Why Fake It ‘Til You Make It Is Terrible Career Advice

fake it til you make it

Why Fake It ‘Til You Make It Is Terrible Career Advice

When I graduated college in 2012 with a bachelor’s degree in advertising and communications, I had a clear idea of where I wanted to be in five years. I wanted to work for a marketing agency in a management or leadership position focusing on creative marketing strategies. A week from today, I start a management job for a creative marketing agency. I guess you could say I’ve made it, so far. On paper, I’ve achieved the dream. I can check “achieve post-grad five-year-plan” off the bucket list. I must have methodically and strategically taken the right steps to climb up the ladder. I must have fooled enough people into believing I was worthy of achieving my goal. I did try the fake it ’til you make it approach, but ultimately it was the opposite path that helped me get to this point in my career.
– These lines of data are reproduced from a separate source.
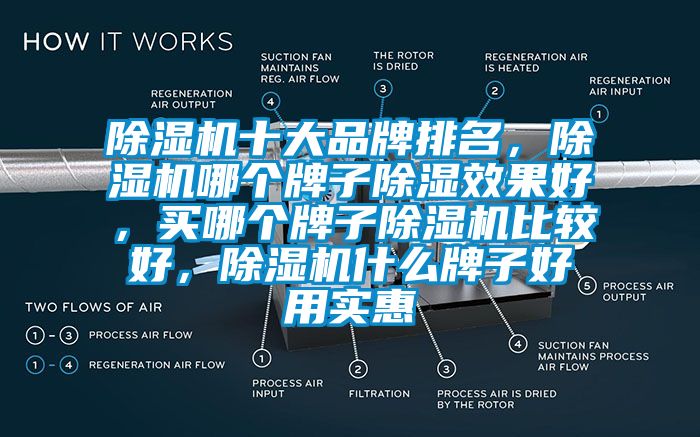 除濕機(jī)十大品牌排名，除濕機(jī)哪個(gè)牌子除濕效果好，買哪個(gè)牌子除濕機(jī)比較好，除濕機(jī)什么牌子好用實(shí)惠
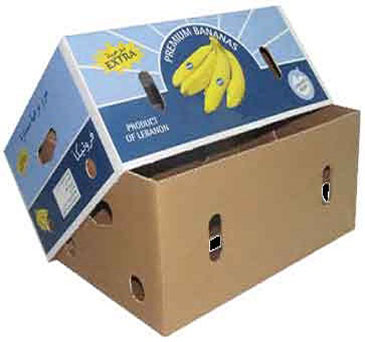 Corrugated Boxes for Food Oil Industry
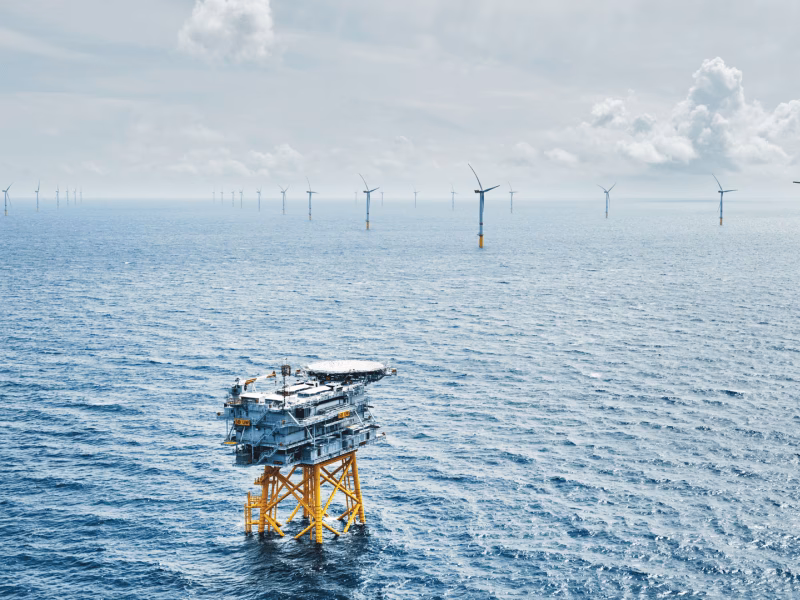 What happened to Denmark's offshore wind tenders in 2024?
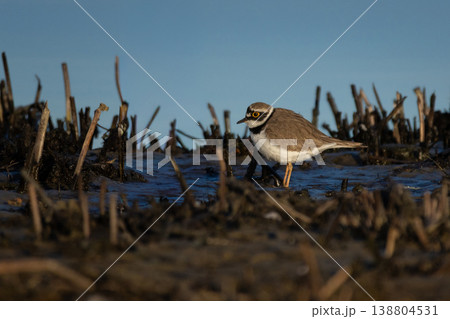 little ringed plover in natural habitat little ringed plover in natural habitat 138804531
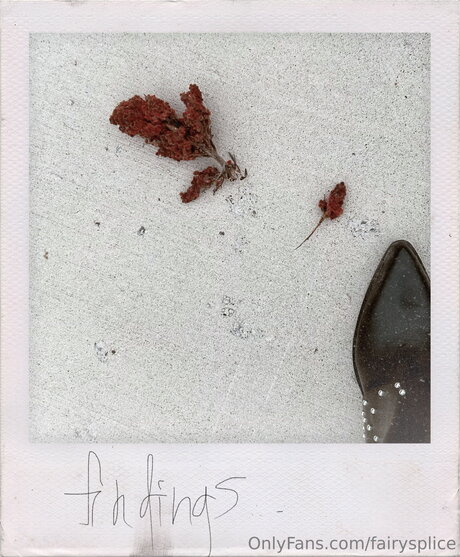 Fairysplice star best images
And that path has been anything but straightforward and strategic. 

The Journey to Authenticity

In college, I had a very different idea about who I was as a person, what I wanted in life, and how to get it. Success meant playing by the rules. I watched what successful peers did, and I tried to do the same sort of things. On the inside, I’m more of a quiet, sensitive person. Not exactly the stereotypical ladder-climbing CEO personality. But I figured that didn’t matter because I could just fake it. This approach worked — temporarily. I could keep the mask on long enough to convince an interviewer that I was outgoing and friendly enough to get along with the team, while also possessing the perfect amount of no nonsense determination that didn’t border on cutthroat.
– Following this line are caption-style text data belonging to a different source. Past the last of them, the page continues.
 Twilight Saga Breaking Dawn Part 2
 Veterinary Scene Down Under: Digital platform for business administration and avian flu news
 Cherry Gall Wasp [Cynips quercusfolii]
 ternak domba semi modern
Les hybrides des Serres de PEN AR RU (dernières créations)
While my interview persona worked on some (I did land a few jobs after all) it didn’t necessarily work in my favor, each time. I once landed an interview with the Creative Director at a well-respected advertising agency. I was eager to talk about my copywriting and content management skills but was quickly told that I seemed to have the personality for account services. Perhaps to him, this was a compliment on my social skills, but to me, it was an insult to my work and expertise. At the end of the day, it seemed to matter less about what I was capable of doing, and more about how I presented myself to others.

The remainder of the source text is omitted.